重要なポイント
いまをときめくゲーム業界のスタークリエイターたち。そんな彼らでも、自身のキャリアが積まれるまでに、一見すると現在の制作スタイルからは想像もつかないような作品に関わっていた。しかし、そこをあえて深掘りしてみると、じつは一貫したものが見えてくるような気がした。
本記事では、そんな有名クリエイターたちの隠れた名作についてピックアップしよう。驚けること間違いなしだ。
①『爆ボンバーマン2』――吉田直樹(代表作『ファイナルファンタジーXIV』)
『ファイナルファンタジーXIV』(以下、『FF14』)のプロデューサー&ディレクターとして同作を10年以上引っ張ってきたスクウェア・エニックスの吉田直樹氏。彼はもともとハドソンに在籍し『爆ボンバーマン2』のストーリーモードのディレクターを担当していた。彼がキャリアのなかで携わってきた唯一の非RPGタイトルである。
『ボンバーマン』からMMORPG(大規模多人数同時参加型オンラインRPG)へと流れていった彼だが、じつは『FF14』にもその経歴が残っている……と言えるような要素がある。
『FF14』のPvPモード(プレイヤー同士が対戦するモード)である"クリスタルコンフリクト"のマップ、"ヴォルカニック・ハート"では、十字砲火が起こり、その様子がまさに『ボンバーマン』っぽく見えるのだ。実際、ファンのあいだでは"『ボンバーマン』ステージ"とも呼ばれている。
"ドマ式麻雀"モードの追加や、『Fall Guys』とのコラボレーションなど、あらゆる遊びを取り込んで成長する『FF14』。そのうち、エオルゼア(『FF14』の世界を指す)のなかで『ボンバーマン』が遊べる日が来るかもしれない……!
②『Strange Shadow』――コタケクリエイト(代表作『8番出口』)
大量のフォロワーを生んだ、ウォーキングシミュレーター『8番出口』。開発者であるコタケクリエイト氏は、本作を作る以前から取り組んでいるゲームがあると話している。それがホラーアドベンチャーゲームの『Strange Shadow (ストレンジシャドウ)』だ。こちらは2025年発売予定である。
巨大生物から逃げ隠れするゲームで、どことなくアートスタイルや雰囲気は『デスストランディング』を彷彿とさせる。
筆者は2023年のBitSummit(日本最大級のインディ―ゲームの祭典)にて本作を試遊させていただいた。そのときのビルドでは、漠然とした不安感を覚えさせる環境デザインや、背負っているアイテムを使うことで足場を超えるなどのギミックが見られた。
なお、本記事に合わせて、コタケクリエイト氏からメッセージをいただいたので紹介する。
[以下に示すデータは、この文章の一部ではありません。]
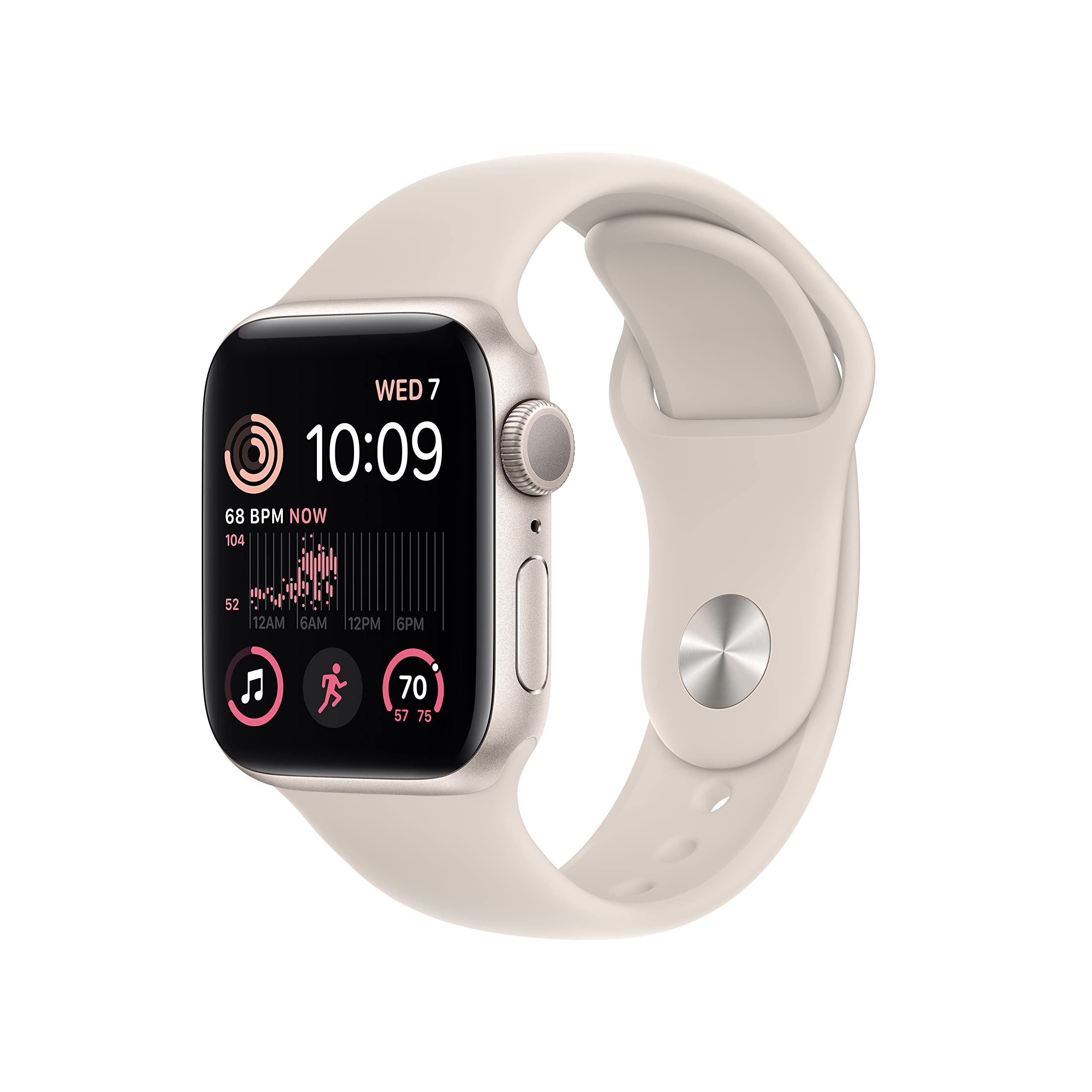 Apple Watch SE 2nd Gen (GPS) 40mm Aluminum S/M Starlight Sport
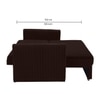 Melano  Pull Out Sofa cum Bed  in Brown Colour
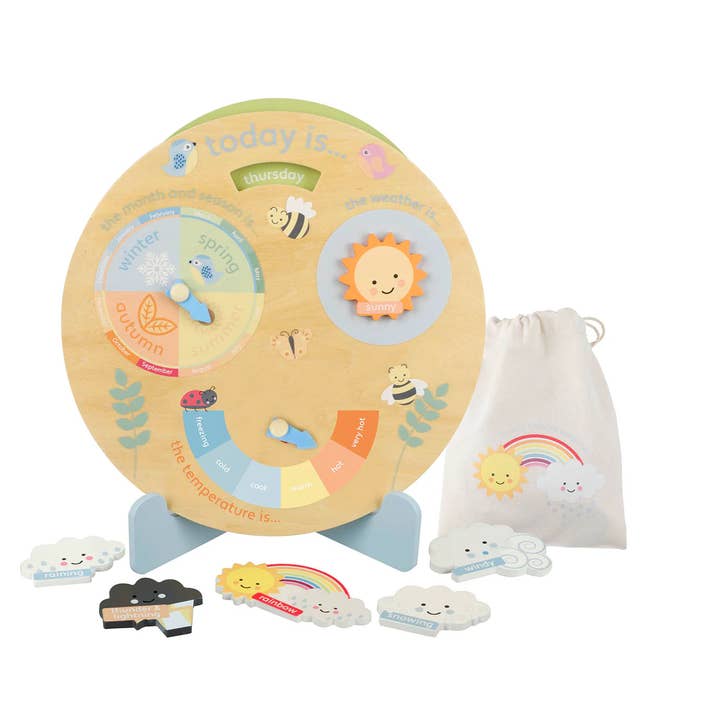 Horloge météo Spring Garden
pour la vente par Orange Tree Toys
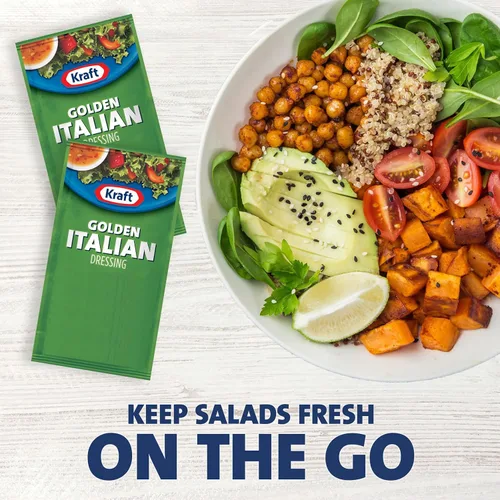 Vista 5 de Kraft Golden - Paquete de aderezo italiano para ensalada (paquetes de 0.44 onzas, paquete de 200)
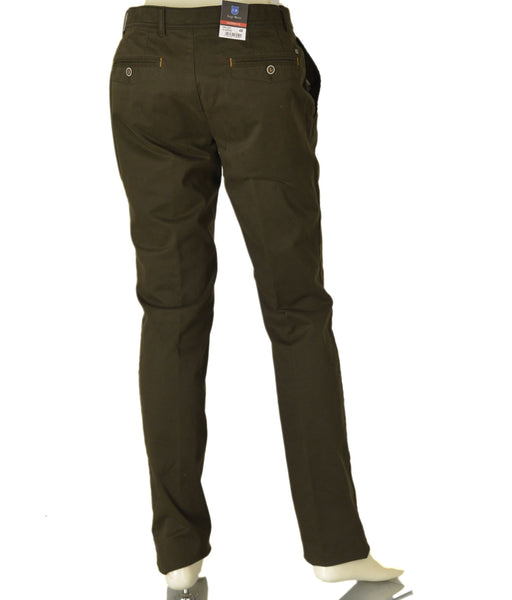 PANTALONI UOMO ZIP BOTTONE CINQUE TASCHE OPERATO MARCA LUIGI MORINI ART. GALLINO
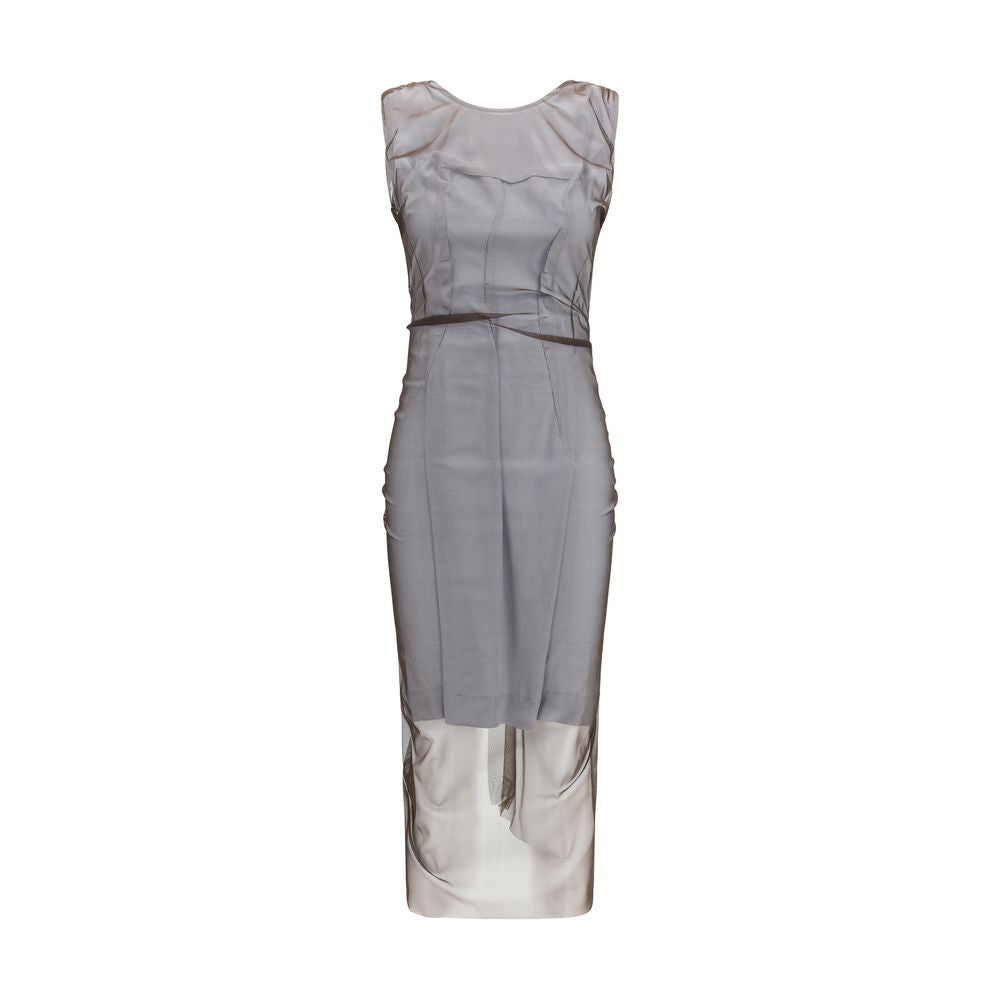 Maison Margiela Brown Polyamide Casual Dress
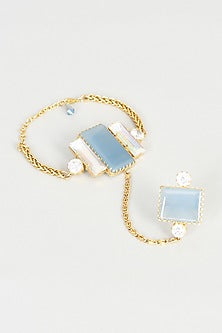 Gold Plated Agate Hand Harness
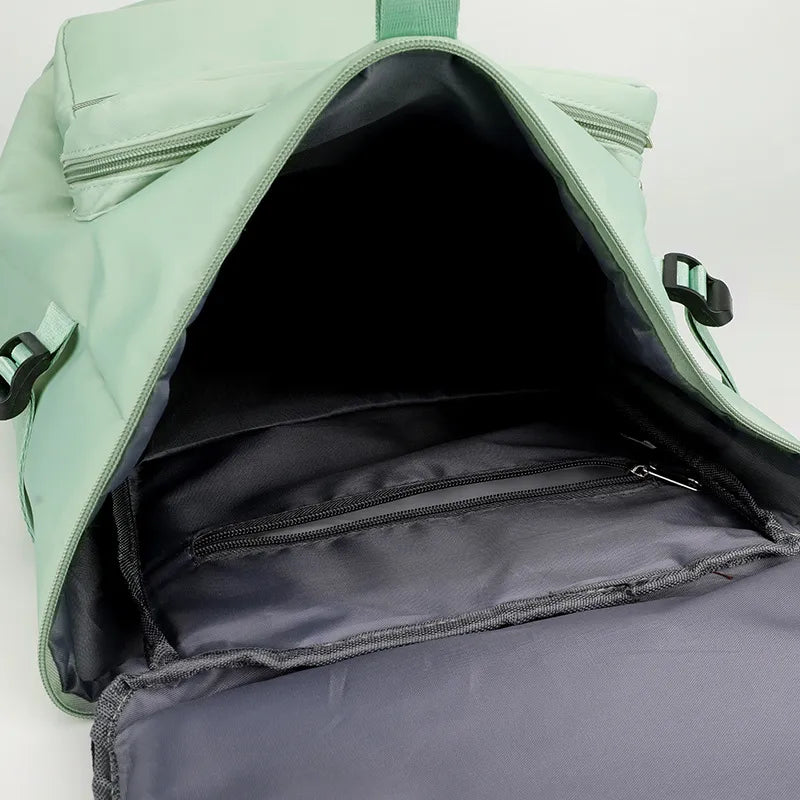 Interior view of ShiftForm Carry Pack showing spacious storage capacity
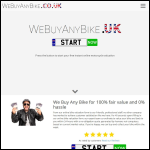 Screen shot of the We Buy Any Bike website.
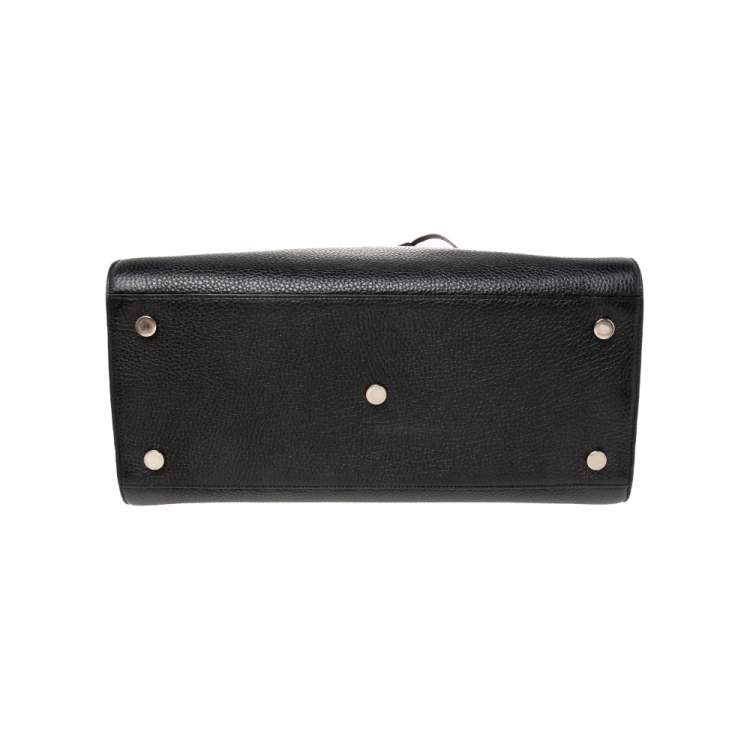 Pre Owned Saint Laurent Black Leather Medium Sac De Jour Tote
「『Strange Shadow』は不気味な巨大生物から逃げたり隠れたりするプラットフォーマーアドベンチャーゲームです。イメージとしては『LITTLE NIGHTMARES』が近いかもしれません。
発売は2025年を予定していますが、もしかしたらもう少しかかるかもしれません(ごめんなさい)。
また、現在公開しているゲーム映像はかなり古い物なので、見た目やゲームシステムは発売する際にはいろいろと変わっている部分があると思います。タイトルも、"よりゲームに合ったもの"に変更予定です。
巨大生物ならではの恐怖感や面白さが体感出来るようなゲームに仕上げたいと思っていますので、楽しみにお待ちいただけますと幸いです。」(コタケクリエイト)
『8番出口』同様に、ワンアイデアのホラーチックなゲームを斬新な方法でまとめあげるのが上手い同氏……ぜひ『Strange Shadow』にも期待したい。
③『不思議のダンジョン 風来のシレン外伝 女剣士アスカ見参!』――イシイジロウ(代表作『428』)
『428 〜封鎖された渋谷で〜』や『3年B組金八先生 伝説の教壇に立て!』など、秀逸なサウンドノベルやアドベンチャーゲームを世に送り出すクリエイターとして有名なイシイジロウ氏。
各分野で活躍する人たちが集って"人狼"をプレイする"アルティメット人狼"の主宰など、あらゆるメディアで幅広く活躍されている同氏だが、キャリアのスタート地点はチュンソフトにあり『風来のシレン』シリーズに携わっていたことはご存じだろうか。
過去には『不思議のダンジョン 風来のシレン外伝 女剣士アスカ見参!』のゲームバランスを担当しており、現在のストーリーベースの作品に携わることが多い彼からすると、とても珍しい仕事であったと言えよう。このキャリアが伏線となって、いつか満腹度の存在する人狼ゲームを作ってくれる日が……来るかもしれない?
ちなみにシリーズ最新作『不思議のダンジョン 風来のシレン6 とぐろ島探検録』の有料ダウンロードコンテンツ"plusパック"にて、ひさびさにアスカの登場がアナウンスされている。
④『爆走デコトラ伝説BLACK』――小高和剛(代表作『ダンガンロンパ』シリーズ)
推理アクションゲーム『ダンガンロンパ』シリーズの小高和剛氏もまた、過去になかなかユニークなゲームに携わっている。彼は『爆走デコトラ伝説BLACK』という、デコトラ(デコレーショントラック)をテーマにしたニンテンドーDSのゲームで、シナリオを担当していたのだ。
『デコトラ伝説』シリーズは、デコトラをぶつけ合うという非常に荒々しいゲーム性で人気を博していた。とくに『BLACK』はシナリオの評判が高く、流石は尖ったシナリオベースのゲームでファンを獲得した小高氏らしい仕事ぶりである。
もし『ダンガンロンパ』シリーズがいまでも続いていたら、超高校級のデコトラ運転手が出てきた可能性も……いや、さすがにそれはないか……。
ちなみに、さきほど紹介したイシイジロウ氏がプロデュースを手掛けた『極限脱出 9時間9人9の扉』にて、ディレクターとシナリオを担当した打越鋼太郎氏と、小高和剛氏がタッグを組んだ新作『HUNDRED LINE -最終防衛学園-』が2025年4月24日に発売予定。こちらも非常に楽しみだ。